Related Article: Amid Inflation, How Are Food Retailers Aiming to Improve Customer Experience?
According to IRI’s report, August Price Check highlights include:
- Persistent inflation. Food and beverage inflation continues to persist on a year-over-year basis, despite recent price moderation in other areas of the economy, such as gasoline.
The carbonated beverage and fresh common fruit categories had the largest monthly price jump in August, each rising 5.3% compared to the end of July. Butter/margarine/spreads is the most inflated category, with prices up 30% compared to the same time last year.
- Limited relief for consumers. While prices of certain food categories have begun to moderate in recent weeks, most remain elevated year-over-year. For example, prices in the coffee category rose less than 0.3% at the end of July 2022 compared to the end of June 2022 but remained over 18.6% higher in July 2022 versus July 2021.
- Consumers are responding by cutting back and indulging affordably. In response to food inflation, shoppers’ overall sales volume and units are declining quickly. Overall, retail food and beverage unit sales declined 4.5% compared to a year ago, and volume sales declined 4.0%.
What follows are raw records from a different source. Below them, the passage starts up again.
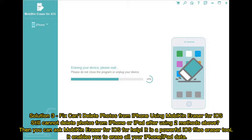Solution 3: Fix can't delete photos from iPhone using Mobikin Eraser for iOS. If you still cannot delete photos from iPhone or iPad after using the two methods above, you can use Mobikin Eraser for iOS. It is a powerful iOS file eraser tool that enables you to erase all your iPhone or iPad data.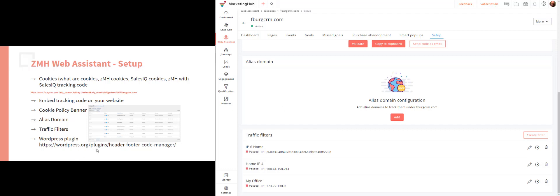For those of you using WordPress, there's a great plugin called Header and Footer Code Manager. You can insert the code into this plugin, and I use it for all of my Zoho scripts — a little bit of PageSense, a little bit of SalesIQ, and other tracking codes. It's a great plugin that makes it very easy to insert code onto your pages if you're using WordPress.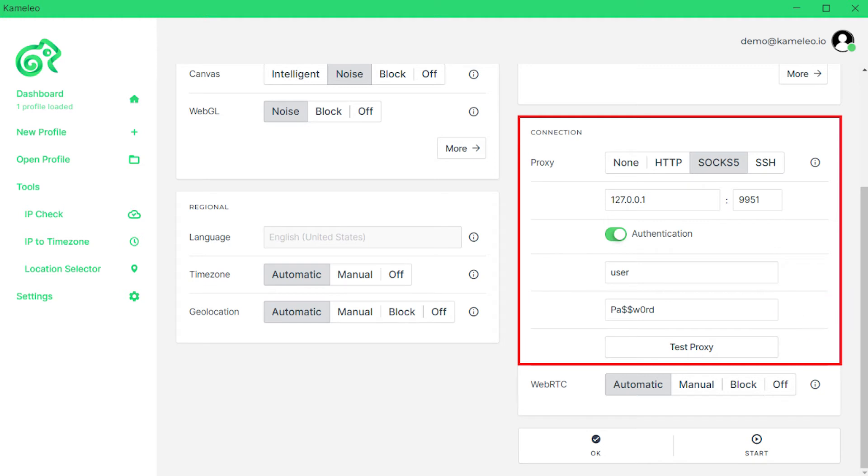Now you need to check the proxy for performance. Click on the Test Proxy button. If the check was successful, then the proxy is operational and you can use it in the browser.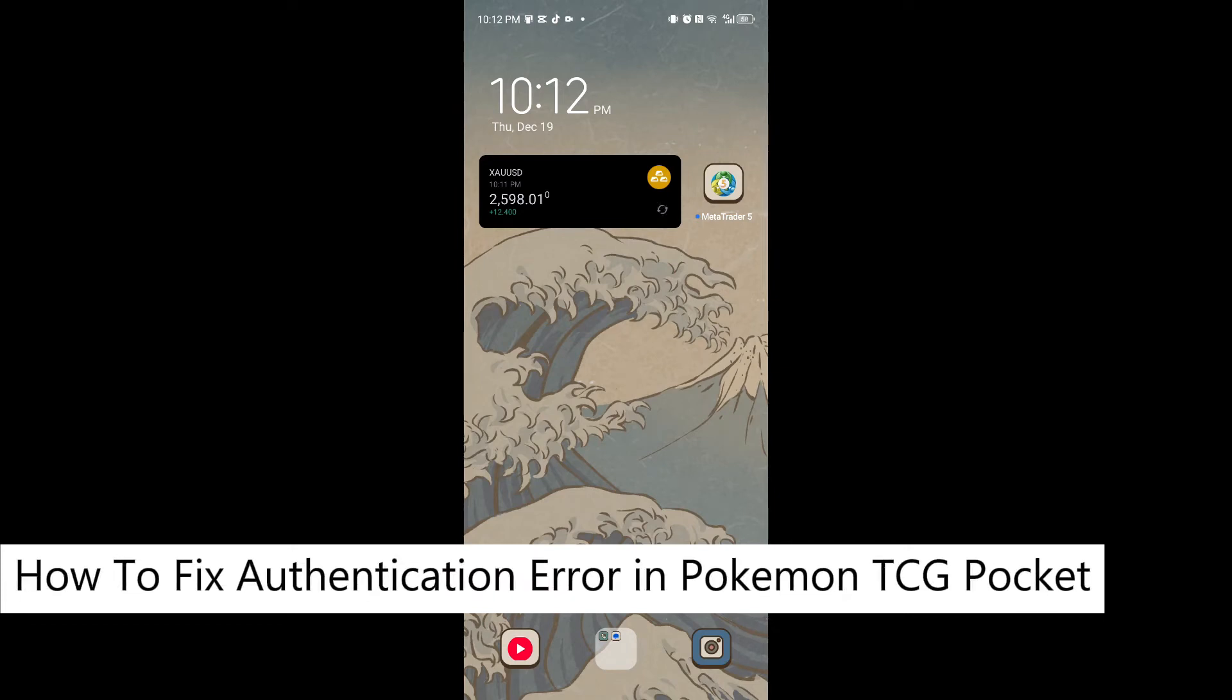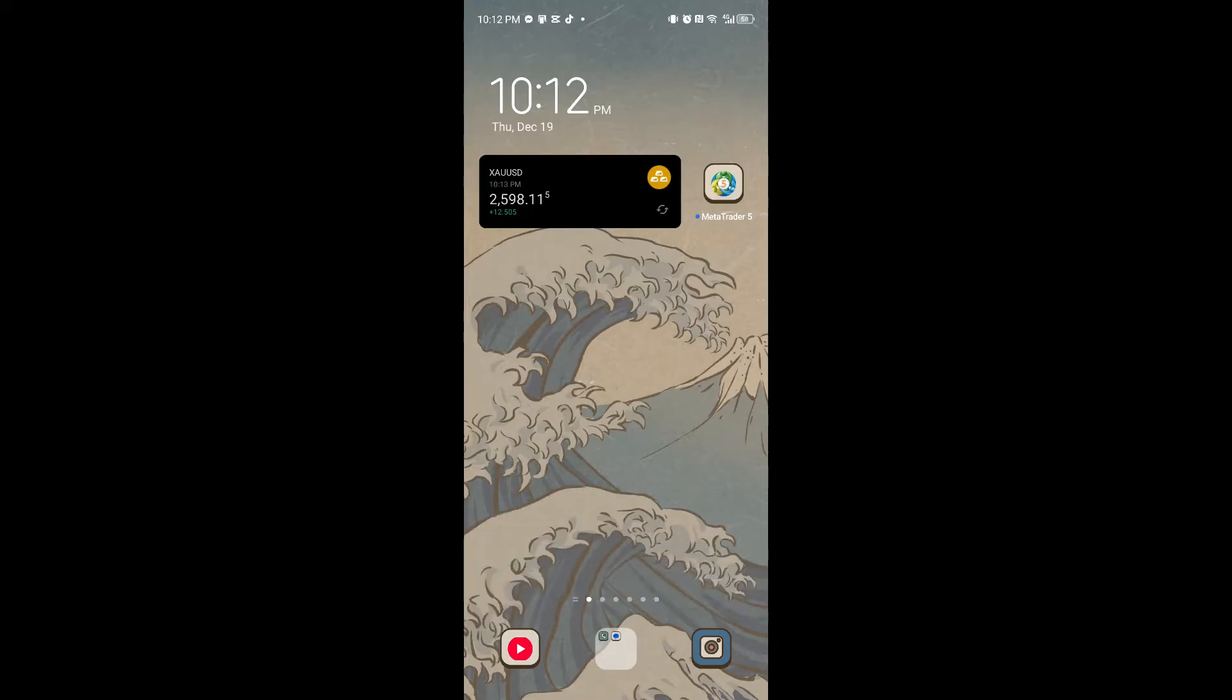How to fix authentication error in Pokemon TCG Pocket. Hello everyone, welcome back to our channel. In today's video I'll show you this easy and simple step to fix this. Now you have to open up your Google Play Store or App Store...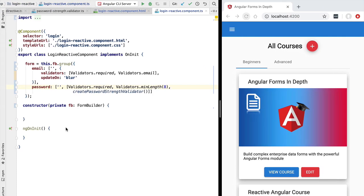As you can see, this FormBuilder version of our form is equivalent to what we had before, with the advantage that it's a lot more concise. In our next lesson we'll conclude the implementation of our reactive form and compare the final version with the template-driven version.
The most significant drop-offs in volume are in categories where prices have risen dramatically, including frozen dinners/entrées, cookies, and coffee. However, certain snack, candy, and drink categories are more resilient, with more moderate sales volume declines despite significantly higher prices.
- Consumers are bargain hunting. Trips to food and beverage stores are up 3.5% versus a year ago for the latest 12 weeks ending Aug. 21, 2022. Quick trips are up 6.7% during the same period compared to a year ago, while pantry stocking trips are down 0.6%, suggesting that consumers are looking for deals and “cherry-picking” stores where they can get the best value. And, when they stock their pantries, there is an uptick in trips to mass merchandisers and club stores, indicating value-seeking behaviors.
- Low-income households are driving the change. Low-income shoppers, who drove most of the food and beverage growth in 2021, are pulling back on food purchases as inflation increases. Volume and units of several discretionary categories – including frozen seafood, candy, and snack bars/granola bars/clusters – have slowed down significantly more in low-income stores compared to the overall market, suggesting the trade-off low-income consumers are making to feed their families.
- Premiumization continues in select categories. Despite inflation, consumers are “trading up” and driving volume share to premium brands in several categories, including snack nuts and seeds, canned and bottled fruit, frozen entrées, fresh eggs, and butter.